Weed resume755 at mail.ru
Tue Feb 24 10:25:46 PST 2009


Don пишет:

>>>>> That must mean that you inherit that class only to avoid duplicating
>>>>> code. And that is easily done with template mixins.
>>>> It is possible that this polymorphism is not needed and should be
>>>> prohibited for operations by value. The class is ready, why it should
>>>> not be used and have to redo it?
>>>>
>>>> Can not think about changing when the class is ready - he could have
>>>> enormous complexity and hierarchy.
>>> This is the fundamental tradeoff at the heart of the matter.
>>> In D, the choice of whether an object will use polymorphism or not is
>>> considered a fundamental design decision.
>>
>> This is awful! Much easier to give to the application programmer to
>> decide how it will use the derived class somewhere. Such a division
>> should be a basic principle of designing a complex program.
> 
> Even in C++, all of your base classes should be abstract.

Why?

> If you want to move between polymorphism and non-polymorphism in C++,
> it's a non-trivial refactoring.
> 
> 
>>> D gets significant benefits
>>> from this.
>>
>> Benefits:
>>
>> 1. Disappeared slicing
>> 2. ?
> 
> That's not what I had in mind at all. I don't think slicing is such a
> big deal in itself; it's just a symptom.
> 

What do you mean?

>>> C++ allows you to defer the decision, but it doesn't come for
>>> free.
>>
>> Clarify what you mean?
>>
>>> (Generally speaking, statically typed languages do force you to make
>>> more decisions at design time). Notice that you have little gotchas in
>>> C++, such as the need to declare a virtual destructor on every struct
>>> you think you might "someday" use polymorphically. It sticks around,
>>> even if it never gets used.
>>> One of the nice things about a D struct, compared to a C++ struct, is
>>> that you *know* it's simple, it never has that kind of baggage.
>>>
>>> D does choose different trade-offs from C++. If it was always the same,
>>> it'd be the same language!
>>
>> There is no need to compare the structs from C++ and D. In fact, in C++
>> classes and structures are the same.
> 
> Well, although the keywords are identical, there are two different
> varieties of C++ objects muddied together: PODs, and polymorphic types.
> You declare a type to be polymorphic by declaring a virtual function
> inside it. In D, you do it with the 'class' keyword.
> 
> 
>> I like D's idea of POD structs + without them you can not ensure
>> compatibility with C, but it is very important.
>>
>> Now we are talking about classes.
>>
>> In C++ classes with the same problems, such as what they do not have a
>> common base class (Object in D). Passing classes by value is not a
>> problem - is an advantage.
> 
> Passing a polymorphic class by value rarely makes sense.
> You can't get (runtime) polymorphism unless you go through a pointer.

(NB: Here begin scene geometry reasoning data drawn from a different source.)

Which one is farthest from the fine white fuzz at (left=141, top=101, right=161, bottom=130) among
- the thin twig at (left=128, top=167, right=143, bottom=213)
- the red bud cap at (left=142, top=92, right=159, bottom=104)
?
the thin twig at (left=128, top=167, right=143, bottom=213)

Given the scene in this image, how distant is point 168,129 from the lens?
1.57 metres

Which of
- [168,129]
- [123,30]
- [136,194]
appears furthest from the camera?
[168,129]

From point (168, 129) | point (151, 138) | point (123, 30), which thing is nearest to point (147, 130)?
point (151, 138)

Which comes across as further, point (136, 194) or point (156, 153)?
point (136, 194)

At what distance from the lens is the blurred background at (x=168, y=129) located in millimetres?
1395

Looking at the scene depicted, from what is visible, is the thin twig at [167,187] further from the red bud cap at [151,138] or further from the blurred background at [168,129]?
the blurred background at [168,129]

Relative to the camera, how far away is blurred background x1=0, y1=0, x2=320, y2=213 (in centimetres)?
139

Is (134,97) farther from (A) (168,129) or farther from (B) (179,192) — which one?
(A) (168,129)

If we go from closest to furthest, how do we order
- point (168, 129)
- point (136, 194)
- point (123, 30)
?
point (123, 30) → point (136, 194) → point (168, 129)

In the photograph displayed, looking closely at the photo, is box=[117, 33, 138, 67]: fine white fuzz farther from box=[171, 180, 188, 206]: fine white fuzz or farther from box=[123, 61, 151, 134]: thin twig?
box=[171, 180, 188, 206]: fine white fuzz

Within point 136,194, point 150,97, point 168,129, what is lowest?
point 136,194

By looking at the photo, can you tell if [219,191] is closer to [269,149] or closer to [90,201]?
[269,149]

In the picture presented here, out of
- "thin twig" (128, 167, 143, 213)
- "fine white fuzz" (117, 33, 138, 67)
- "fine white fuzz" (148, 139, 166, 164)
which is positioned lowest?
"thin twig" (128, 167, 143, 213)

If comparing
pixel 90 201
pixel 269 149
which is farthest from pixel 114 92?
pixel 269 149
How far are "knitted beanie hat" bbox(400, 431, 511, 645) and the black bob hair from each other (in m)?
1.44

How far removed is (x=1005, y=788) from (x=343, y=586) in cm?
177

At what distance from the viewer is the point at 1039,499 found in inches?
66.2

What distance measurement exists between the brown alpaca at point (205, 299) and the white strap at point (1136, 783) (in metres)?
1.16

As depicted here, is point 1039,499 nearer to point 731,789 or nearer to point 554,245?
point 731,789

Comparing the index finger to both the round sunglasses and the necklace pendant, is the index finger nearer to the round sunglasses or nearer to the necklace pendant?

Or reference (&). Thus, even polymorphic class on stack can be used
safely in C++.

> 
>> As I said earlier, the presence of pointers is also an advantage,
>> although they are dangerous and can lead to complex bugs.
> 
> I don't think that is analagous. The issue is not primarily about with
> the 'danger' of passing classes by value. It's about clear separation of
> concepts.
> 
>>> BTW, if you're concerned about performance, you'd do well to use
>>> compile-time polymorphism rather than run-time, when possible. D's
>>> metaprogramming support leaves C++ for dead.
>>>
>>
>> I think if there was a language with all the features as in D but with
>> the model objects from C++, he would have won great popularity. Mainly
>> it would have moved C++ developers who are satisfied with the model
>> classes of C++ but not satisfied with the absence of other modern
>> features: metaprogramming, contracts, delegates, closures etc.
> 
> I think D will get adequate popularity once it has a good library
> situation. It only needs language changes inasfaras they are necessary
> for library design.

What D better than Java or C#?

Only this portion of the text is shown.